## YOUR OBJECTIVE
Would you return exactly the lines below from the line with "thumbnail image 1" through the line with "Sadie Belted Shift Dress in Textured Gingham", both included, and nothing else, leaving out the pictures?

## DATA RECORDS
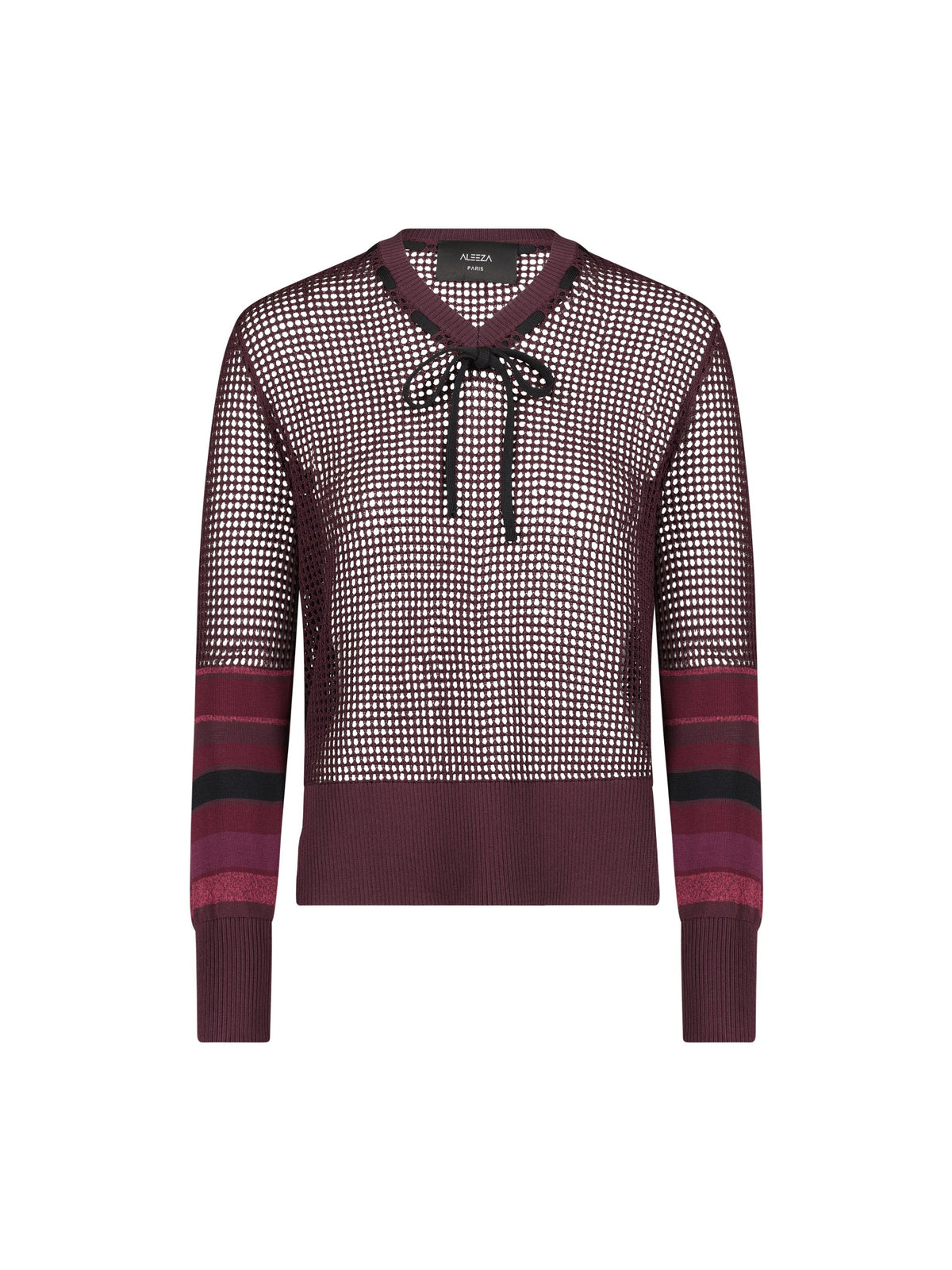Aleeza Paris Waffle Knit Sweater – modest top in Black W/ Plum Tie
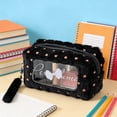 thumbnail image 1 of Hyknon Large Capacity Pencil Case Pen Pouch, Cute Plush Pencil Holder with Handle, Transparent Stationery Bag with Zipper, Portable Pen Pouch for Women Adult, Bow Storage Organizer for College, Black, 1 of 6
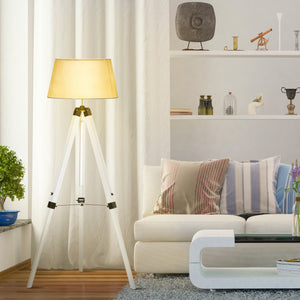 Adjustable height wooden tripod floor lamp, white and grey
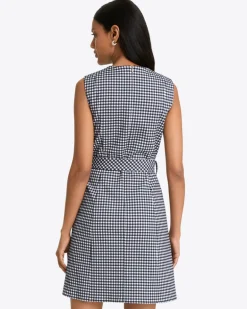 Sadie Belted Shift Dress in Textured Gingham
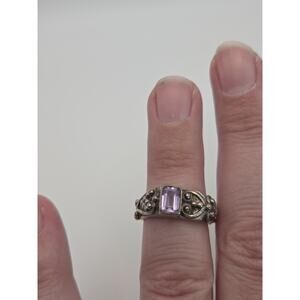 925 Silver Amethyst Ring With Intricate Open Scroll Bezel Setting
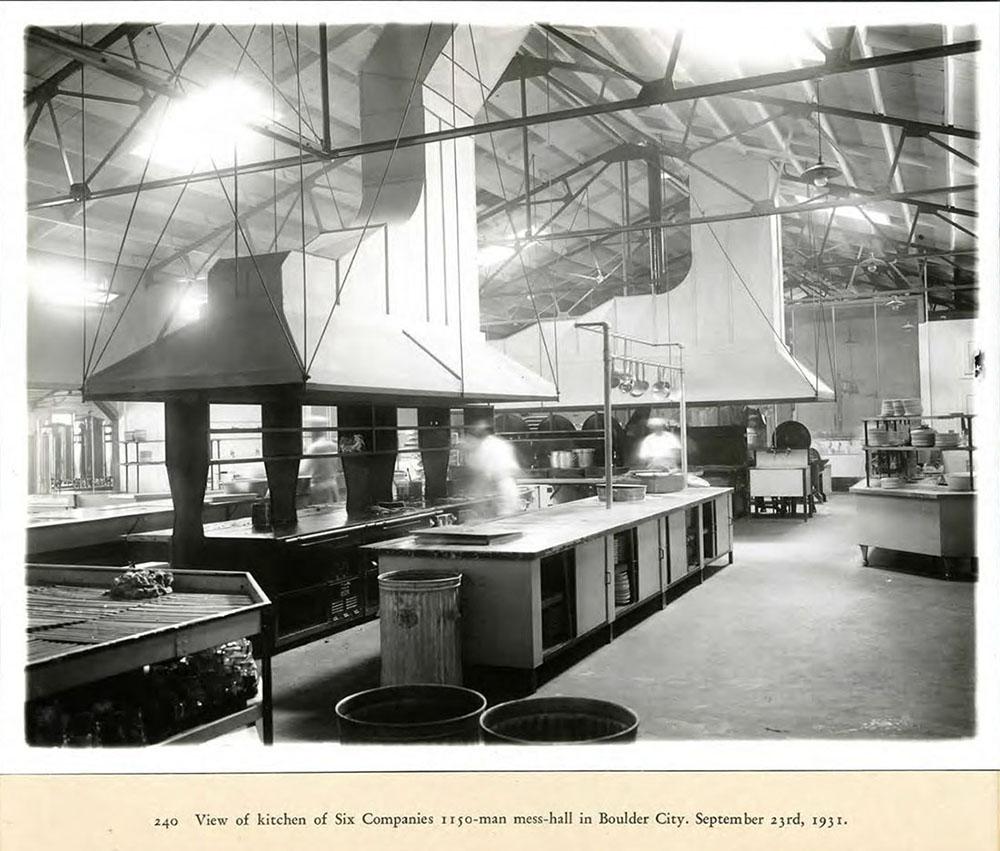 The kitchen of Six Companies Inc. 1150 man mess hall in Boulder City. 09/23/1931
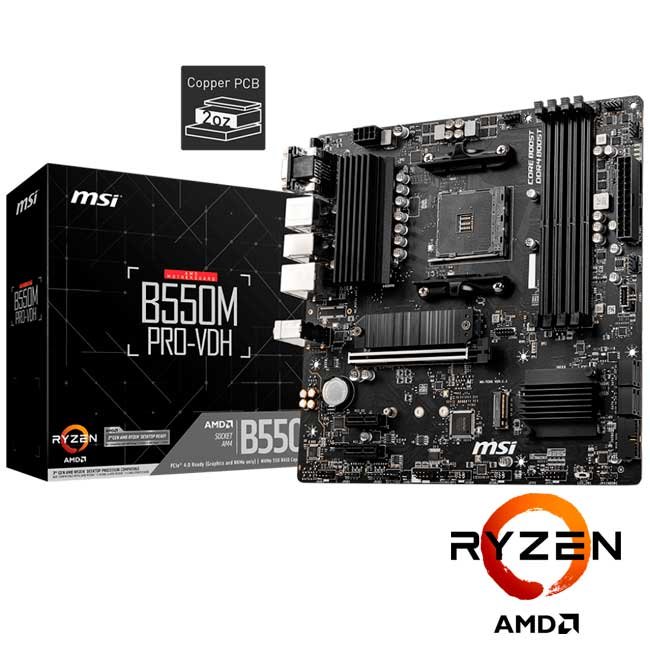 Placa Madre MSI B550M PRO-VDH AM4, DDR4, HDMI, DisplayPort, M.2, microATX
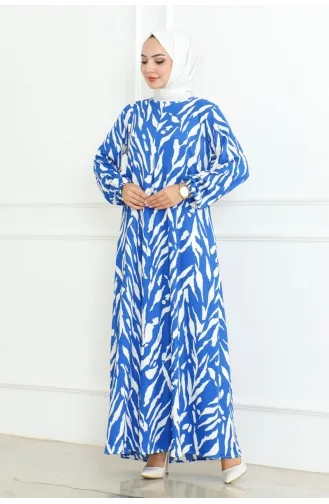 Robe Robe Plissée 0095-02 Bleu 0095-02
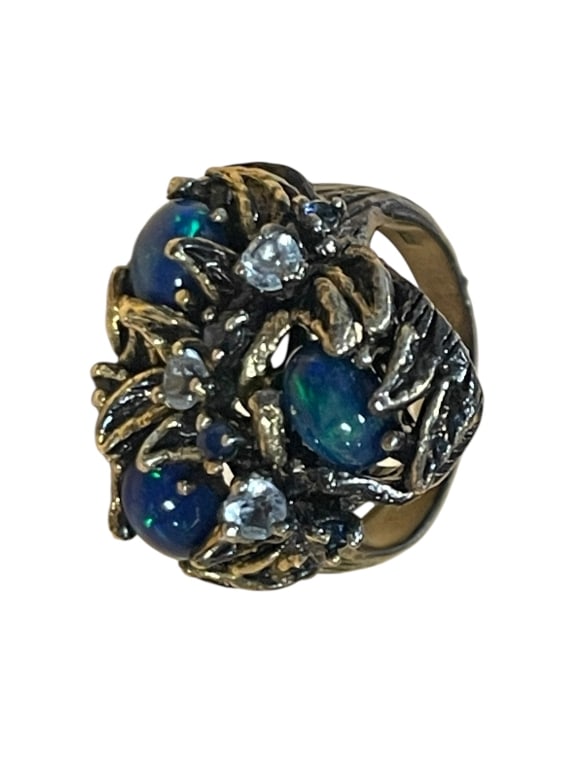 BEAUTIFUL BLUE FIRE OPAL CLUSTER STERLING RING 9 (1 of 6)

## EXPECTED ANSWER
 thumbnail image 1 of Hyknon Large Capacity Pencil Case Pen Pouch, Cute Plush Pencil Holder with Handle, Transparent Stationery Bag with Zipper, Portable Pen Pouch for Women Adult, Bow Storage Organizer for College, Black, 1 of 6
 Adjustable height wooden tripod floor lamp, white and grey
 Sadie Belted Shift Dress in Textured Gingham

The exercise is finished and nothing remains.